■ Data listing ■
Content starts

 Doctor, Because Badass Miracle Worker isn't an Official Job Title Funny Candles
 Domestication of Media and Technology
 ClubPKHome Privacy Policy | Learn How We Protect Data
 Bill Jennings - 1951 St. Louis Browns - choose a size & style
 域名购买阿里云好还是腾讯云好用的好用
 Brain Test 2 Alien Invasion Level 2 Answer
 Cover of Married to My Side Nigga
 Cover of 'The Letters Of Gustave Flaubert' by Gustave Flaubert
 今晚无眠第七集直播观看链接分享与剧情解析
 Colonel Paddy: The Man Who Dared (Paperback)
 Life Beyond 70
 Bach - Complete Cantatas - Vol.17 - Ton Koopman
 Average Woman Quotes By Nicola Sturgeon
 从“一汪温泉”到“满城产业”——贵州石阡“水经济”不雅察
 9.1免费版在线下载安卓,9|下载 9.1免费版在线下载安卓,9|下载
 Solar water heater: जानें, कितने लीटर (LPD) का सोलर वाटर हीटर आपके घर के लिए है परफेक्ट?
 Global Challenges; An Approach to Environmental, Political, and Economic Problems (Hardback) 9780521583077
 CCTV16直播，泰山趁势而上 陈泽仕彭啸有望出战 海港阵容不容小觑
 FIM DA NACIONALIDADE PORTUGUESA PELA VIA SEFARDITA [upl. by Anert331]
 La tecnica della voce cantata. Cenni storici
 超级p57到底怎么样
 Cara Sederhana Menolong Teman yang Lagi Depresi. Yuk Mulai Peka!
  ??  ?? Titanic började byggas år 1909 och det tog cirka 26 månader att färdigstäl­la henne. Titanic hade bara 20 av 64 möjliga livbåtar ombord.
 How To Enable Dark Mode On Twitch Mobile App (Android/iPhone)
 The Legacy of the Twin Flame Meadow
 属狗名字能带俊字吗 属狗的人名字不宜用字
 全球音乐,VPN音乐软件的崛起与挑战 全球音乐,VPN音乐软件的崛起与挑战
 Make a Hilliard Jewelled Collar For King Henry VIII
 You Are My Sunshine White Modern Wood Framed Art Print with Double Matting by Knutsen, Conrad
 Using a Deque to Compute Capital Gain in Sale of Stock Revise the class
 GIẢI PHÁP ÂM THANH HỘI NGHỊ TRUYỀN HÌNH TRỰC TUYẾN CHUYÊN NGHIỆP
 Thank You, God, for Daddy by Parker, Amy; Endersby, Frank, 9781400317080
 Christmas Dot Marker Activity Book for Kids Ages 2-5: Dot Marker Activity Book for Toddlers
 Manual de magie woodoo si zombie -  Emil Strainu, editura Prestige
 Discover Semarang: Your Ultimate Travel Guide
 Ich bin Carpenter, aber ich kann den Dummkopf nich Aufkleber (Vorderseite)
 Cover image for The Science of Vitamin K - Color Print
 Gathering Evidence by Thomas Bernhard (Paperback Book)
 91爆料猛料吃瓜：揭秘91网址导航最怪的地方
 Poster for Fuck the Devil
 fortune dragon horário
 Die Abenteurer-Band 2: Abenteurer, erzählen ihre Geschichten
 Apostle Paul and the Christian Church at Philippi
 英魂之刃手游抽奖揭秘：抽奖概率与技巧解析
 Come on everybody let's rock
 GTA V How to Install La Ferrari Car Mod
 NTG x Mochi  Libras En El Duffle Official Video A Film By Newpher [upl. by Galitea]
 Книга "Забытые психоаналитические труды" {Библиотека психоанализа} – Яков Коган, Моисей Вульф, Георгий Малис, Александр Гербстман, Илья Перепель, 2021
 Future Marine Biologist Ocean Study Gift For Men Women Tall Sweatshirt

Content ends

From the beginning of the listing above down to the line with "今晚无眠第七集直播观看链接分享与剧情解析", every line should be restated exactly.

 Doctor, Because Badass Miracle Worker isn't an Official Job Title Funny Candles
 Domestication of Media and Technology
 ClubPKHome Privacy Policy | Learn How We Protect Data
 Bill Jennings - 1951 St. Louis Browns - choose a size & style
 域名购买阿里云好还是腾讯云好用的好用
 Brain Test 2 Alien Invasion Level 2 Answer
 Cover of Married to My Side Nigga
 Cover of 'The Letters Of Gustave Flaubert' by Gustave Flaubert
 今晚无眠第七集直播观看链接分享与剧情解析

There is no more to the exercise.